Signs that Sydney and Melbourne housing markets slowing: RBA Governor

Signs that Sydney and Melbourne housing markets slowing: RBA Governor
Staff ReporterDecember 7, 2020

RBA Governor Philip Lowe says that there are some signs of a slowing in the housing markets in Sydney and Melbourne, although these signs are not yet definitive.

In a speech today to the House of Representatives Standing Committee on Economics, Governor Lowe said the central bank was closely watching the housing market. 

“Conditions continue to vary significantly across the country. The Melbourne and Sydney markets have been much stronger than elsewhere. There are some signs of slowing in these two markets, although these signs are not yet definitive,” he said. 

“In some markets, a large increase in the supply of new dwellings is expected over the next year as new buildings are completed. This increase in supply is expected to have an effect on prices.”

He highlighted regulatory measures by the Australian Prudential Regulation Authority and the RBA’s focus on containing financial risks. 

“Our assessment is that the various supervisory measures – including a focus on lending standards and placing limits on investor and interest-only lending – will work to strengthen household balance sheets over time.

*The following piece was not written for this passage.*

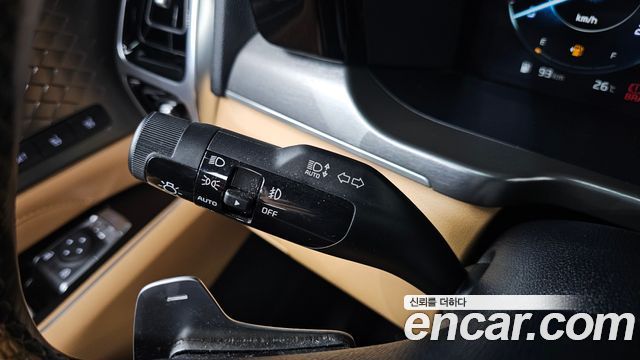 Kia Sorento (IV) Diesel 2.2 2WD Noblesse 2022 — фото 31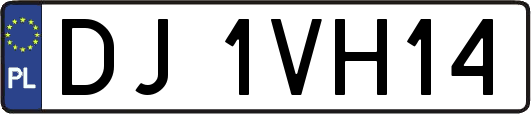 DJ1VH14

Financial institutions have adjusted to the new requirements and these requirements are contributing to the resilience of the system as a whole.”

 

The prudential regulators steps to restrict bank lending for interest-only loans was in response to heightened risks from the hot property market and to ensure that banks maintain adequate capital.

Banks have raised interest rates for investment lending and also interest-only loans, while offering incentives to owner occupiers and encouraging principal and interest-only loans.

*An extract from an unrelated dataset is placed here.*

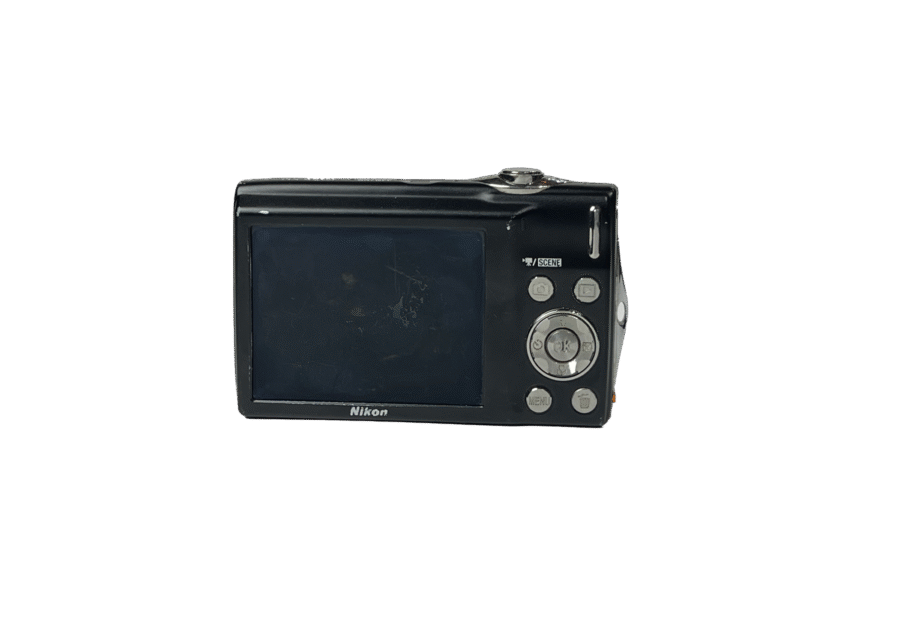 NIKON COOLPIX S3000 - Image 2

Lowe noted the increase in spending on public infrastructure, particularly transport, which is having some positive spin-offs elsewhere in the economy. 

But the bank was still concerned about household debt levels. 

“In my view, the underlying drivers of the slower wage growth in Australia are much the same as we are seeing overseas.

"At the same time, the household sector is also dealing with higher levels of debt relative to income.

"Higher electricity prices are also affecting household budgets.

"This all means that consumer spending behaviour is something we continue to watch carefully.”